There’s another passage that’s far too long to quote that parallels Mrs Jericho and the other female lead, Mrs Tyler slowly deciding to take drastic actions as they do housework. At the end, both of them resolve to go through with their choices, only Mrs Tyler is interrupted by the arrival of her daughter. Mrs Jericho, however, has nobody, and so what happens happens. It’s without a joke one of the best pieces of prose I’ve ever read. I drat near highlighted the entire book.
Are There Psychic Powers: My brother in Christ, there is psychic cocaine

I have some other thoughts, like Ace's ultimate departure or how Roz is by far the worst person the Doctor has ever had as a companion, but I don't want to go whole-hog on a bunch of books more people haven't read.

tl;dr Read Damaged Goods, also read Warlock probably, the others are great, too

Jerusalem
May 20, 2004

Would you be my new best friends?

Astroman posted:

The Space Museum is a great early one. If you've never watched the episode, read it first. It's :krad: Makes it seem a lot bigger and higher budget than it was.

Yeah, The Space Museum I read (multiple times!) before I ever saw the actual episodes and it REALLY built it up in my head.

Dabir
Nov 10, 2012

Is Roz worse than the actual big game hunter from Dinosaurs on a Spaceship?

Rochallor
Apr 23, 2010

ふっっっっっっっっっっっっck

Dabir posted:

Is Roz worse than the actual big game hunter from Dinosaurs on a Spaceship?

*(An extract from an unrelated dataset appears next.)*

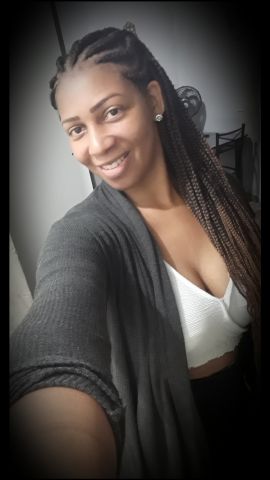 Preta28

She is a) a trigger-happy cop, which fair enough sounds a lot worse in 2022 than in 1995, b) extremely racist against aliens, even after learning that the memory of her partner getting shot by an alien was an implanted one, c) occasionally expresses sympathy for the Third Reich, and d) when stranded in the 1790s, attempts to contact the Doctor by shooting a man named Lincoln with the working knowledge that the TARDIS only lands near famous people and consequently this must be Abraham Lincoln's grandfather and the Doctor will stop it from happening (in fairness to Roz, this is hilarious).

In Christmas on a Rational Planet, the same book where she tries to kill Lincoln, a character known as Bad Roz shows up who is supposed to be Roz as she was before she met the Doctor, and... well Lawrence Miles is either a very bad writer or a very good writer, because she's pretty indistinguishable from 'Good' Roz.

Sydney Bottocks
Oct 15, 2004
Probation
Can't post for 11 days!

Astroman posted:

As an American growing up in the 80s and seeing DW inconsistently on various PBS runs, I would devour the Target novels as my only way to see (or resee) certain episodes. Some of them could really give you a totally different take if you'd never seen it before reading an episode.

That was basically me as well, I remember excitedly going to various bookstores and checking to see what new Target novelizations they had on the shelves that week.

apophenium
Apr 14, 2009

Cry 'Mayhem!' and let slip the dogs of Wardlow.
What a great write-up, Rochallor! Thanks for that! Media tie-in novels are a strange fascination of mine. I've read a lot of Star Trek ones and thought I'd dip my toes into the Who stuff. I had tried to read The Dying Days before but it was... Rough. It's the last one that Virgin had the rights to the Doctor so they're really just building things up for the Bernice Summerfield spinoff. It's the only one to have the 8th doctor and they had no idea how to write him.

And it seems like unlike Star Trek the current Who novels focus on recent doctors only? I guess old doctors new adventures is what Big Finish is for!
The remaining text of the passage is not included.